* [Supplied material]:
━━━━━━━━━━━━━━━━━━━━

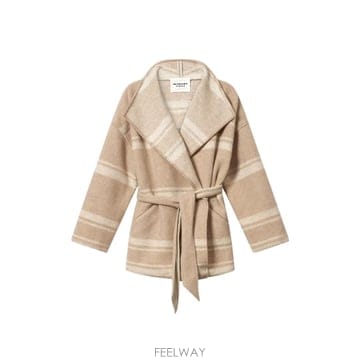 Isabel Marant 26 FW ���ں����� ���ѿ� �극�� ȣ����Ż ��Ʈ������ ��Ʈ ��Ʈ MA0574FAD3D02E TP45657626 FW ���ں����� ���ѿ� �극�� ȣ����Ż ��Ʈ������ ��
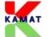 Kamat 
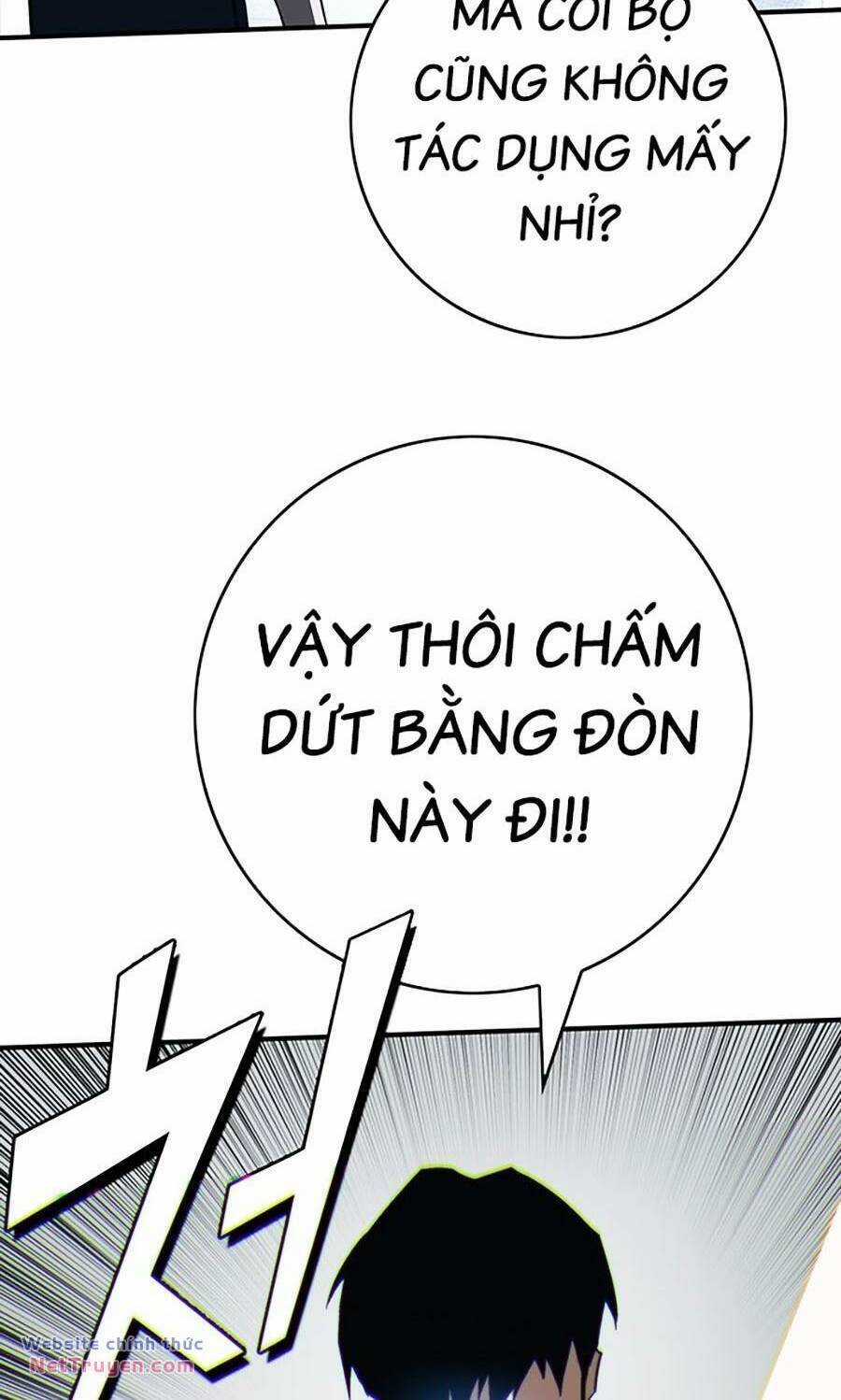 Hard Core Leveling Warrior Ss3 - Chapter 25 - Trang 142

━━━━━━━━━━━━━━━━━━━━

* [Problem to solve]: Omit the images; transcribe the listing verbatim.

* [Finished task]:
 Isabel Marant 26 FW ���ں����� ���ѿ� �극�� ȣ����Ż ��Ʈ������ ��Ʈ ��Ʈ MA0574FAD3D02E TP45657626 FW ���ں����� ���ѿ� �극�� ȣ����Ż ��Ʈ������ ��
 Kamat 
 Hard Core Leveling Warrior Ss3 - Chapter 25 - Trang 142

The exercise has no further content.